Using the midpoint formula,we have $\frac{a + 0}{2} = 1$ and $\frac{0 + b}{2} = 2$.
This gives $a = 2$ and $b = 4$.
Substituting these values into the intercept form equation,we get $\frac{x}{2} + \frac{y}{4} = 1$.
Multiplying by $4$,we get $2x + y = 4$,or $2x + y - 4 = 0$.

(B) Given that point $P(a, b)$ lies on $3x + 2y = 13$,we have:
$3a + 2b = 13$ ..... $(i)$
Given that point $Q(b, a)$ lies on $4x - y = 5$,we have:
$4b - a = 5$ or $-a + 4b = 5$ ..... $(ii)$
Multiplying equation $(ii)$ by $3$,we get $-3a + 12b = 15$ ..... $(iii)$
Adding $(i)$ and $(iii)$:
$(3a + 2b) + (-3a + 12b) = 13 + 15$
$14b = 28 \Rightarrow b = 2$
Substituting $b = 2$ in $(i)$:
$3a + 2(2) = 13$ $\Rightarrow 3a = 9$ $\Rightarrow a = 3$
Thus,$P = (3, 2)$ and $Q = (2, 3)$.
The slope $m$ of line $PQ$ is $\frac{3 - 2}{2 - 3} = \frac{1}{-1} = -1$.
The equation of line $PQ$ passing through $(3, 2)$ is:
$y - 2 = -1(x - 3)$
$y - 2 = -x + 3$
$x + y = 5$.

(A) The equation of a line parallel to $2x + 3y - 7 = 0$ is of the form $2x + 3y + \lambda = 0$.
Since the line passes through the point $(1, 1)$,we substitute $x = 1$ and $y = 1$ into the equation:
$2(1) + 3(1) + \lambda = 0$
$2 + 3 + \lambda = 0$
$5 + \lambda = 0$
$\lambda = -5$
Substituting the value of $\lambda$ back into the equation,we get $2x + 3y - 5 = 0$.
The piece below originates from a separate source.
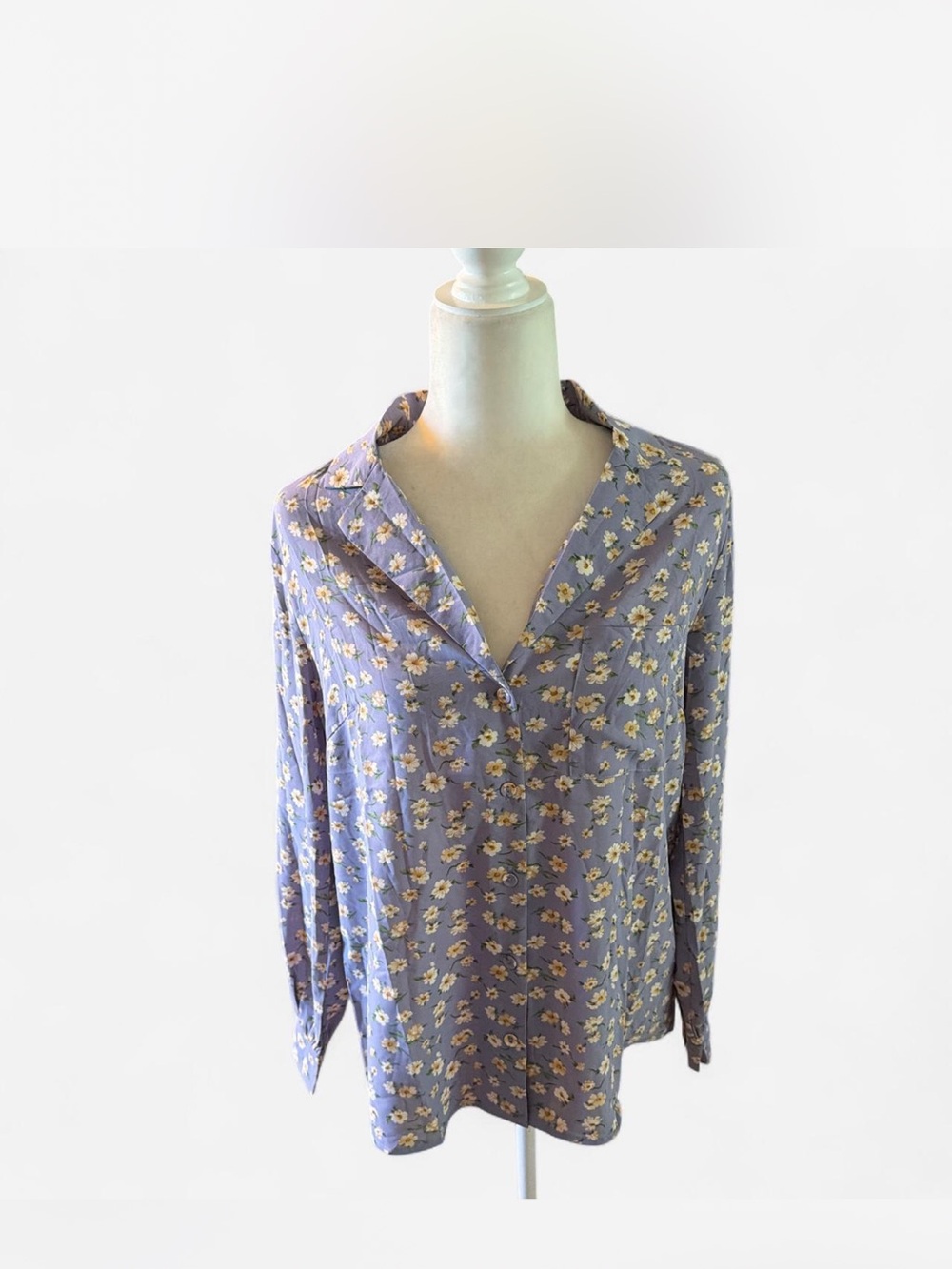 Allegra K Medium Floral Blouse - NWT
(A) Let the line intersect the $x$-axis at $(a, 0)$ and the $y$-axis at $(0, b)$.
Since the point $(5, 2)$ bisects the segment between these axes,we have:
$\frac{a + 0}{2} = 5 \Rightarrow a = 10$
$\frac{0 + b}{2} = 2 \Rightarrow b = 4$
Using the intercept form of the line equation,$\frac{x}{a} + \frac{y}{b} = 1$,we get:
$\frac{x}{10} + \frac{y}{4} = 1$
Multiplying by $20$,we obtain $2x + 5y = 20$.